Accueil > Le Rail > Le chemin de fer au service du tourisme

Le chemin de fer au service du tourisme

Extrait d’un article de M. Otto Wichser, président de la Direction générale des C.F.F.

lundi 13 janvier 2025, par Rixke

Toutes les versions de cet article : [français] [Nederlands]

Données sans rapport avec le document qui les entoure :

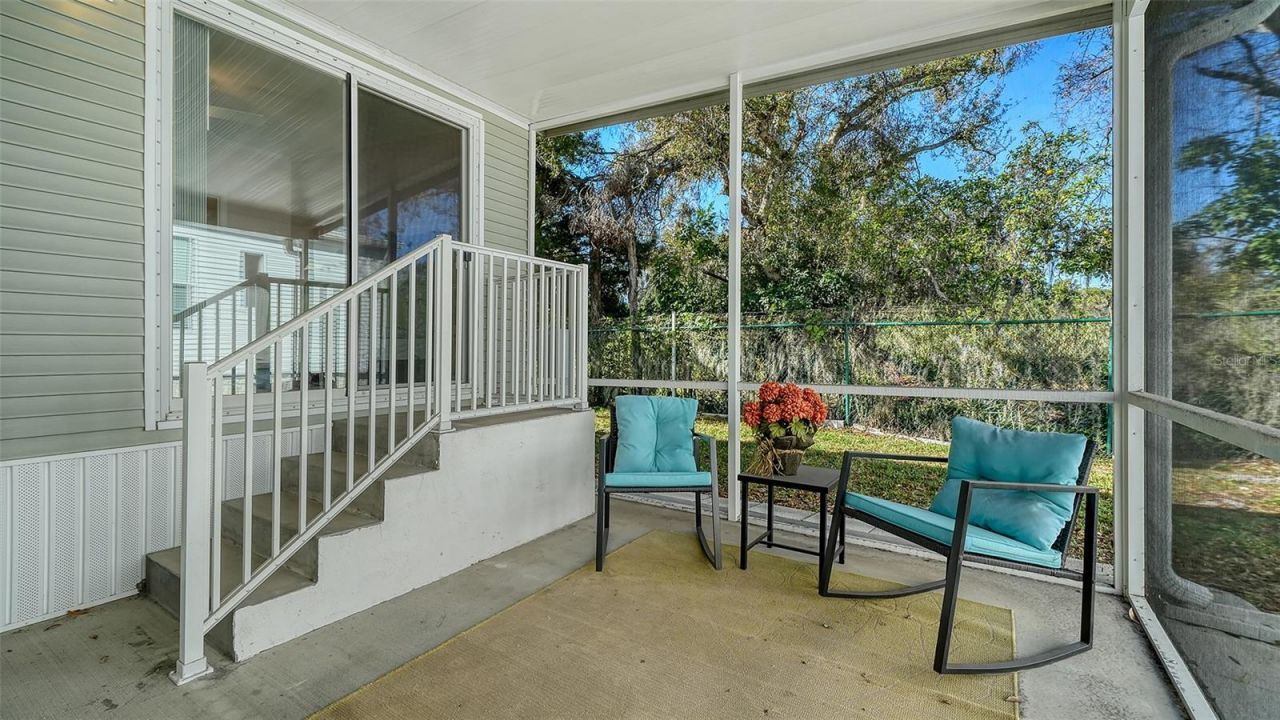 112 Oakwood Boulevard W, Sarasota, FL 34237 Photo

Le tourisme supporte diverses définitions. Les savants, dans leur langage plus précis que poétique, l’ont défini comme étant l’ensemble des rapports et phénomènes issus du voyage et du séjour d’étrangers dans des régions où ils ne s’établissent pas à demeure et n’exercent aucune activité lucrative. Le poète s’exprime de manière plus attrayante ; c’est ainsi que, dans les confessions du chevalier d’industrie Félix Krull, Thomas Mann fait dire par le professeur portugais Kuckuck au marquis Venosta que, dans le désir de voyager, se cache une bonne part de l’envie de voir une humanité jamais rencontrée, une bonne part de curiosité de regarder des yeux étrangers et des physionomies inconnues, et de goûter à un mode de vie inconnu. Que l’on préfère l’une ou l’autre de ces définitions, il reste évident que le tourisme sous-entend un changement de lieu et, par conséquent, un déplacement, en un mot le voyage.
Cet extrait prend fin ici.